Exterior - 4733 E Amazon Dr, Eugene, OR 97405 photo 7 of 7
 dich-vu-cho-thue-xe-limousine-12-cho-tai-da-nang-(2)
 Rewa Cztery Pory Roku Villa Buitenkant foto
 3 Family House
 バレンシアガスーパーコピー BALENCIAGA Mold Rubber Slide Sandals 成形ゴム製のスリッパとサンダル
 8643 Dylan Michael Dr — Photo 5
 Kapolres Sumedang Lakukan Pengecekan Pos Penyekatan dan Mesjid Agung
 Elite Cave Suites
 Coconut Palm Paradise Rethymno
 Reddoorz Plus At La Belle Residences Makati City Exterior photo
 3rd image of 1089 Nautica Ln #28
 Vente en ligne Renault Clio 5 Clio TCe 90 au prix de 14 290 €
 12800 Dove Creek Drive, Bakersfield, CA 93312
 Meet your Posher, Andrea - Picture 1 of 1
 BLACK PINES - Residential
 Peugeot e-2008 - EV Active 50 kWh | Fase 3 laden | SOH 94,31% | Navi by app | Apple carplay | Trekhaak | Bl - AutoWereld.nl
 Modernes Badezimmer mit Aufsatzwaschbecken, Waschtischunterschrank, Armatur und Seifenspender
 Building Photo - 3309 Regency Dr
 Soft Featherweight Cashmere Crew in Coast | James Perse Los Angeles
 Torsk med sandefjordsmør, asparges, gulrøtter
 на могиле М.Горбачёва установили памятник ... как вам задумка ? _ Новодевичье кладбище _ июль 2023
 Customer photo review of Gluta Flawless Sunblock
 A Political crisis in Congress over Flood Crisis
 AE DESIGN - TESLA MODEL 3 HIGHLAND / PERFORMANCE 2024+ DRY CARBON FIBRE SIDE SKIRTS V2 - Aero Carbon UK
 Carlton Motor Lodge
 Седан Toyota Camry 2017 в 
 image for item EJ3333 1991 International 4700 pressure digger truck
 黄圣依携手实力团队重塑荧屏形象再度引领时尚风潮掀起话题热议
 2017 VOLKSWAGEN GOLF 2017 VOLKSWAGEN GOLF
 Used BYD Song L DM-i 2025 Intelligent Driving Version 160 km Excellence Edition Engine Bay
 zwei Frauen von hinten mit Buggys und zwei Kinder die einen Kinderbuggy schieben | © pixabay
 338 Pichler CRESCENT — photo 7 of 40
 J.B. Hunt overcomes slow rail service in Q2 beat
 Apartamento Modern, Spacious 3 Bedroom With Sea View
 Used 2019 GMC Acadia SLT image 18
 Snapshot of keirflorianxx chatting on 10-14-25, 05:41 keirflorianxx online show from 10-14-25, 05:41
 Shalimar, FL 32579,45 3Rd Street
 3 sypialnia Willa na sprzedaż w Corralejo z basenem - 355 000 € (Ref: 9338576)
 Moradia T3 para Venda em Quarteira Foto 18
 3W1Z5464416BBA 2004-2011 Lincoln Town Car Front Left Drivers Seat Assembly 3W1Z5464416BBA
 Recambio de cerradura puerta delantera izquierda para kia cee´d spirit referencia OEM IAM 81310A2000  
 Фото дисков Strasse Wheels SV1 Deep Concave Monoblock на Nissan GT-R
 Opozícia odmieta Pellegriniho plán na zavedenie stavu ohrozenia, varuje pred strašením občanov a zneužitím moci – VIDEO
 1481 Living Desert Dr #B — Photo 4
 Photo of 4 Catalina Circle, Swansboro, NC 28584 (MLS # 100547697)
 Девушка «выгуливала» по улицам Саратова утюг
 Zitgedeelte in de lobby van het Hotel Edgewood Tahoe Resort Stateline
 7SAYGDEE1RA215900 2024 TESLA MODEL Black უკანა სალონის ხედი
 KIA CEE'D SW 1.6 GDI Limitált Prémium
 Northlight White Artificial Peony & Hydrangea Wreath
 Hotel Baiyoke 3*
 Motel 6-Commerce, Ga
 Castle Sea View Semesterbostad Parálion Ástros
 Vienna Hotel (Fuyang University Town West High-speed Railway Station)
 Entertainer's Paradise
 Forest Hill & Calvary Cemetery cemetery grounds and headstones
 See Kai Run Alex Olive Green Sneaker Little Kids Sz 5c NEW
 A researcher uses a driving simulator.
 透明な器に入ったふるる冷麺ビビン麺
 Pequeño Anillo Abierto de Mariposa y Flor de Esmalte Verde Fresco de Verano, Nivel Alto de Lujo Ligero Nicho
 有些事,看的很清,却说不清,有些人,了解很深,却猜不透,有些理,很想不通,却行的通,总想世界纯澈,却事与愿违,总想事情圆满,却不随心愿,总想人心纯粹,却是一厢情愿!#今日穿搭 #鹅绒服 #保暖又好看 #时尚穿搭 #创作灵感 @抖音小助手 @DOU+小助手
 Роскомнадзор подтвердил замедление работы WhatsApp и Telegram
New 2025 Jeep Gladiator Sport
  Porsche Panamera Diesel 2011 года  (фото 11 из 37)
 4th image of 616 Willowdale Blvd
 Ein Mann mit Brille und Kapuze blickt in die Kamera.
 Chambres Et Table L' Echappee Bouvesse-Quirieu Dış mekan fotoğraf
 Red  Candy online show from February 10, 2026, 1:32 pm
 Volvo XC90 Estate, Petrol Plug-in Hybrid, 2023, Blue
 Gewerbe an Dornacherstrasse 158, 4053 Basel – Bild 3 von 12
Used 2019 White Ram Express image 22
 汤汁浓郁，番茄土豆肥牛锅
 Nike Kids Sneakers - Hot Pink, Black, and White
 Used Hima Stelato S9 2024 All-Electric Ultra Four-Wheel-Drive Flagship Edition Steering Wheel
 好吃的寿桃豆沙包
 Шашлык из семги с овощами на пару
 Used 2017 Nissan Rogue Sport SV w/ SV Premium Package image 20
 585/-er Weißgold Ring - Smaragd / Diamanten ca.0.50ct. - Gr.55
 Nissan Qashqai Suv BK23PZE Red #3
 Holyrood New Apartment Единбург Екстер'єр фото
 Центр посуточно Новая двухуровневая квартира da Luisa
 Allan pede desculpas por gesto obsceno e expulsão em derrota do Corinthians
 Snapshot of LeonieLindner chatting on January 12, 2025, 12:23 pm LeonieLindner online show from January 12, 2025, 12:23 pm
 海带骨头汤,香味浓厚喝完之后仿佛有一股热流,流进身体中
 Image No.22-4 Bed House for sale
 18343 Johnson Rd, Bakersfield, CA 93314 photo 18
• • •
_Exercise aim_: Beginning with the top line of the data above, output every line exactly until the one that contains "Apartamento Modern, Spacious", and include that one too.

_Solution below_:
Exterior - 4733 E Amazon Dr, Eugene, OR 97405 photo 7 of 7
 dich-vu-cho-thue-xe-limousine-12-cho-tai-da-nang-(2)
 Rewa Cztery Pory Roku Villa Buitenkant foto
 3 Family House
 バレンシアガスーパーコピー BALENCIAGA Mold Rubber Slide Sandals 成形ゴム製のスリッパとサンダル
 8643 Dylan Michael Dr — Photo 5
 Kapolres Sumedang Lakukan Pengecekan Pos Penyekatan dan Mesjid Agung
 Elite Cave Suites
 Coconut Palm Paradise Rethymno
 Reddoorz Plus At La Belle Residences Makati City Exterior photo
 3rd image of 1089 Nautica Ln #28
 Vente en ligne Renault Clio 5 Clio TCe 90 au prix de 14 290 €
 12800 Dove Creek Drive, Bakersfield, CA 93312
 Meet your Posher, Andrea - Picture 1 of 1
 BLACK PINES - Residential
 Peugeot e-2008 - EV Active 50 kWh | Fase 3 laden | SOH 94,31% | Navi by app | Apple carplay | Trekhaak | Bl - AutoWereld.nl
 Modernes Badezimmer mit Aufsatzwaschbecken, Waschtischunterschrank, Armatur und Seifenspender
 Building Photo - 3309 Regency Dr
 Soft Featherweight Cashmere Crew in Coast | James Perse Los Angeles
 Torsk med sandefjordsmør, asparges, gulrøtter
 на могиле М.Горбачёва установили памятник ... как вам задумка ? _ Новодевичье кладбище _ июль 2023
 Customer photo review of Gluta Flawless Sunblock
 A Political crisis in Congress over Flood Crisis
 AE DESIGN - TESLA MODEL 3 HIGHLAND / PERFORMANCE 2024+ DRY CARBON FIBRE SIDE SKIRTS V2 - Aero Carbon UK
 Carlton Motor Lodge
 Седан Toyota Camry 2017 в 
 image for item EJ3333 1991 International 4700 pressure digger truck
 黄圣依携手实力团队重塑荧屏形象再度引领时尚风潮掀起话题热议
 2017 VOLKSWAGEN GOLF 2017 VOLKSWAGEN GOLF
 Used BYD Song L DM-i 2025 Intelligent Driving Version 160 km Excellence Edition Engine Bay
 zwei Frauen von hinten mit Buggys und zwei Kinder die einen Kinderbuggy schieben | © pixabay
 338 Pichler CRESCENT — photo 7 of 40
 J.B. Hunt overcomes slow rail service in Q2 beat
 Apartamento Modern, Spacious 3 Bedroom With Sea View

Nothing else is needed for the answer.